Feather – 13.40 to 14.41

Feeling the pressure

The wood where I planned to roost shoot the wood pigeons was about 150 metres from the river; so after a quick cup of coffee I headed up there. Moss was now also on full alert and I think he could feel the pressure building in his normally level headed partner! The wood was a perfect place for pigeons to roost, open areas for the pigeons to happily land and fir trees to spend the night protected from the cold.

As I walked to the top of the wood I was really hoping for a quick start. I’d shot the wood about two years ago and was feeling confident that I’d get a few opportunities. I was hoping for some roosting shots as they came into the trees, but as I got to the top of the wood a single pigeon was flying across the field at about 40 yards. It was a shot to nothing and to my surprise it folded and dropped in the middle of field! Once Moss recovered from the shock he flew out and recovered what I hoped would be the first of two.

Now I was nervous, I remembered that Phil had fallen short of the challenge by one pigeon back in Lock Down One and didn’t want to be the second to fall short when so close. The support coming in from the other Rough Rovers was great but also seemed to increase my desperation to achieve the challenge.

With the first of the brace achieved within 2 minutes and 3 hours of daylight remaining, surely it was going to be easy now, wasn’t it? The pigeons had other intentions and not a single bird came near the wood for the next twenty minutes, but I could see lots landing in the wood on the other side of the field!

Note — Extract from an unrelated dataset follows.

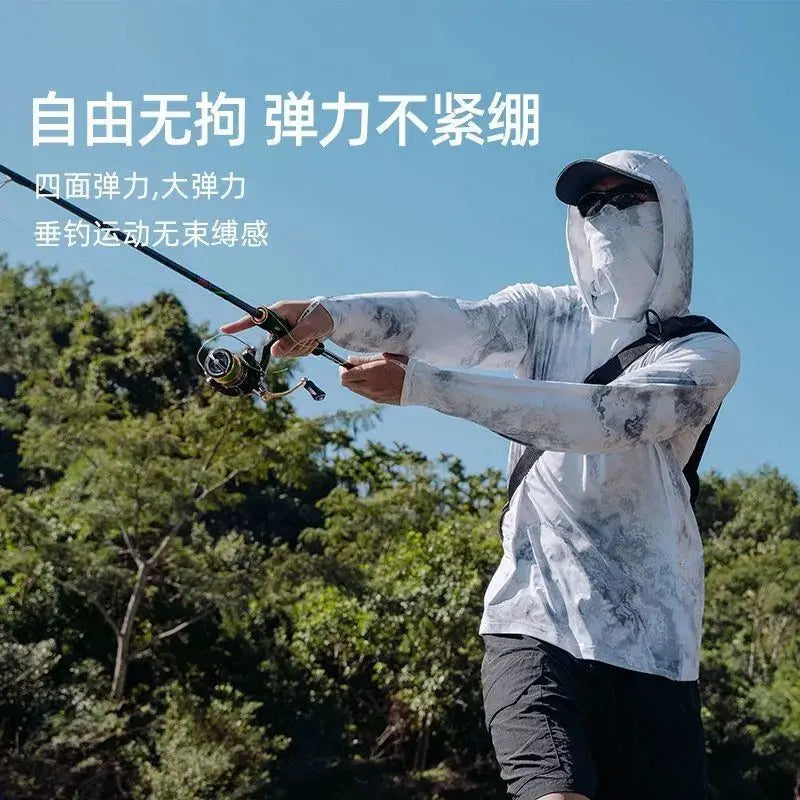Camiseta ultraligera de verano con estampados de moda y capucha con protección solar UPF y mascarilla integrada; manga larga, transpirable e ideal para pesca con protección UV.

As one always does I now started to fidget, as pressure started to build.  Suddenly a flash of grey caught my eye and a  wood a pigeon came over the top of the firs and swung into the wind to land on the edge of the wood. The Perazzi came to the shoulder and the shot was on it’s way before I could blink and the pigeon plumetted towards the grass, out of sight of me in the wood. I was inside a pheasant pen and had to work my way to the top of the wood to access into the field where I could send Moss, who had now sensed my excitement. We got to the top of the wood and about 50 yards away I could see a grey shape on the grass. Moss was out and back in his usual enthusiastic way and it was mission accomplished! I was elated and the words of congratulations that were forthcoming from the rest of the Rough Rovers reminded me why it is a great organisation of like minded people! Being the first to achieve this in the Rough Rovers meant so much more to me than I realised until I’d done it. All done in time to get back and watch the rugby………..but that’s another story!